Who needs the aggravation of negotiating the NIL jungle with parents, players and agents? Certainly not Luck. It wasn’t so long ago that his life was simpler as the offensive coordinator for the freshman team at Palo Alto High School.
Now he is about to take over the operational playbook for an intellectual giant fallen on hard football times.
“Football?” Luck said recently. “I’m back in football, baby.”
No, Luck does not need his new position given this point in his life, but he can certainly get the job done. Perhaps he’ll even kill it in reshaping Stanford football as the program’s new general manager.
The GM title has emerged in these transitioning times as second-most important on a college football staff. If the GM job is executed correctly, only the head coach is more substantial and powerful.
Well, at least theoretically. On Stanford’s organizational chart, Luck’s name is above head coach Troy Taylor, according to ESPN. Luck, who was named to the position on Nov. 30, will also work with the coaching staff on personnel decisions.

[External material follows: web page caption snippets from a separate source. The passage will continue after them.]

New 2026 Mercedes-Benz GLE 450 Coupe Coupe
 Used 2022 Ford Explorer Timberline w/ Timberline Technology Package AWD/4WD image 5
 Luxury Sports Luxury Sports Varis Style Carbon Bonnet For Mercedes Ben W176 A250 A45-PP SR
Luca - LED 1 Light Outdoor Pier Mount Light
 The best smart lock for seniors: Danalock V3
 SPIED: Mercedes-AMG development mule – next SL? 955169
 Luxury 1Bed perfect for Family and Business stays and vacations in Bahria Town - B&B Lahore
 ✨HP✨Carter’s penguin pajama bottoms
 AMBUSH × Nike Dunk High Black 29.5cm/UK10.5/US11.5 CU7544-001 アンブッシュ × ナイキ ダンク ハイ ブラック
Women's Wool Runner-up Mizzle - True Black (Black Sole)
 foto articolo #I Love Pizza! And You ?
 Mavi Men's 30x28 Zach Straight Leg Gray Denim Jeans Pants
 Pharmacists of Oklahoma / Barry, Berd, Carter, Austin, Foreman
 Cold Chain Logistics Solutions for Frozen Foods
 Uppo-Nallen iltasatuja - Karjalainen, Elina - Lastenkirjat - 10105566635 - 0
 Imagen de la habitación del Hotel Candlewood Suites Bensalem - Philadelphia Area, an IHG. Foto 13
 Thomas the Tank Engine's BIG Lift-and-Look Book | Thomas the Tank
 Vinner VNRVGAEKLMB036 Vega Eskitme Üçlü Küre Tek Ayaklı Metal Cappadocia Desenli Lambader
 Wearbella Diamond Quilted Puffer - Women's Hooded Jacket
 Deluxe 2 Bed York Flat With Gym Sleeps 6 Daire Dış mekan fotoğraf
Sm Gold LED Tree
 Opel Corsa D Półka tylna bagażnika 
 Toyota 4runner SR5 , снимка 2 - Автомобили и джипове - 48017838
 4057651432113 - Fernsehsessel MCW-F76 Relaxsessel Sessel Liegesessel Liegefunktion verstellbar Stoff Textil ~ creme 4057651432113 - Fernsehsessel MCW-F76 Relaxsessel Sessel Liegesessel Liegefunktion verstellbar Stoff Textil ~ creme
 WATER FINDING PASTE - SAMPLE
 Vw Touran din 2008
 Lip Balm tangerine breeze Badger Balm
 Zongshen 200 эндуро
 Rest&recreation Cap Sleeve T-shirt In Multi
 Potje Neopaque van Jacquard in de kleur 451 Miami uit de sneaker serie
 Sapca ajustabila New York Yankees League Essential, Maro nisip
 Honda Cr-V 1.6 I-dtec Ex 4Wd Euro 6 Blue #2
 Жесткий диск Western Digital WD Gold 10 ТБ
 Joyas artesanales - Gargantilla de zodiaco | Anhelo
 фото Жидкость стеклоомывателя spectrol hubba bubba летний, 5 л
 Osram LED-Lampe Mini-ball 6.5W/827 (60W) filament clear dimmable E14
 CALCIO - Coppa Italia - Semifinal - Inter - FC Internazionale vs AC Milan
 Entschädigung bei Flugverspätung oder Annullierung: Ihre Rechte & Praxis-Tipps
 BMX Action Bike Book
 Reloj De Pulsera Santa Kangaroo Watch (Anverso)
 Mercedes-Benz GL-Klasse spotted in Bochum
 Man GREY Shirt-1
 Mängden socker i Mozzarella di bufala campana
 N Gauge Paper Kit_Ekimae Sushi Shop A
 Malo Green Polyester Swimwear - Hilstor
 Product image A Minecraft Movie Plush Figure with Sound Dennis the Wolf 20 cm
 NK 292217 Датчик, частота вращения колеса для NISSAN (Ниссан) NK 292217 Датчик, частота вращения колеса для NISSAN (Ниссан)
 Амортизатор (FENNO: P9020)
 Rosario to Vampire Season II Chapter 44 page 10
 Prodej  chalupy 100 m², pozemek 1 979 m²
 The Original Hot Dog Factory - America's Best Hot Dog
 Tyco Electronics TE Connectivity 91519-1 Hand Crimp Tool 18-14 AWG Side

GMs have become a combination of financial adviser, recruiter, director of player personnel, roster analyst, salary capologist and, well, add any other descriptions you see fit. Luck is among those who continue to build the job description on the fly.
“I do think our position of general manager is substantially different than most GMs in the country because of the needs of Stanford now,” Luck told CBS Sports.
“We do believe in scholar-athletes, still.”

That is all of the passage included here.